(WORK REQUEST):
Locate the line that contains "White Logo Crew Neck T-Shirt 1" in the entries below. Retype it and all following lines through the final one, character for character.

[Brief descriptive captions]
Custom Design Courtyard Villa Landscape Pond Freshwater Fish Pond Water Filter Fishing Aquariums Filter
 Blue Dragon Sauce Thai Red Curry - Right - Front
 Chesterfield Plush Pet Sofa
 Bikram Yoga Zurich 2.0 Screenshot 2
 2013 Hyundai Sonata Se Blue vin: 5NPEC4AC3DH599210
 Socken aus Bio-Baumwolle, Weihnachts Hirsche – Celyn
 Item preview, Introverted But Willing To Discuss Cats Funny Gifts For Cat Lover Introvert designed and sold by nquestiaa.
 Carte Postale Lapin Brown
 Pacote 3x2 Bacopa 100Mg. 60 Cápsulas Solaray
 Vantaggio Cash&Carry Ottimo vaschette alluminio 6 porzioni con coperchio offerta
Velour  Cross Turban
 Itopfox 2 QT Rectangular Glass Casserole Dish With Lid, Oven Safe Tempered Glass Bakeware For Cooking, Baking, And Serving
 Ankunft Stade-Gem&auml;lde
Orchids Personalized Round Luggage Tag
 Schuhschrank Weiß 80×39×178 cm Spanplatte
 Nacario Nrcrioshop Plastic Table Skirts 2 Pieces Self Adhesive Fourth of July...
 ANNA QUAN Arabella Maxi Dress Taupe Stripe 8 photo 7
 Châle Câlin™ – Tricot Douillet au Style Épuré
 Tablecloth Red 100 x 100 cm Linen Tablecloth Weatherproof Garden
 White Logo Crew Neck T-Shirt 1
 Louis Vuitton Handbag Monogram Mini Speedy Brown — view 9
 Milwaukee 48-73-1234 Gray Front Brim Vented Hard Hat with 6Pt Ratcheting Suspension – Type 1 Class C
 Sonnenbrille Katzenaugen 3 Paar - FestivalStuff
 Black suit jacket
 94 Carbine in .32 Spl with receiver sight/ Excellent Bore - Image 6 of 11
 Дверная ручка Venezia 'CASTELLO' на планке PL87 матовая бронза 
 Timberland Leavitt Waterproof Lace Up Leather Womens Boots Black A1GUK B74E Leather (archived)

(EXERCISE SOLUTION):
 White Logo Crew Neck T-Shirt 1
 Louis Vuitton Handbag Monogram Mini Speedy Brown — view 9
 Milwaukee 48-73-1234 Gray Front Brim Vented Hard Hat with 6Pt Ratcheting Suspension – Type 1 Class C
 Sonnenbrille Katzenaugen 3 Paar - FestivalStuff
 Black suit jacket
 94 Carbine in .32 Spl with receiver sight/ Excellent Bore - Image 6 of 11
 Дверная ручка Venezia 'CASTELLO' на планке PL87 матовая бронза 
 Timberland Leavitt Waterproof Lace Up Leather Womens Boots Black A1GUK B74E Leather (archived)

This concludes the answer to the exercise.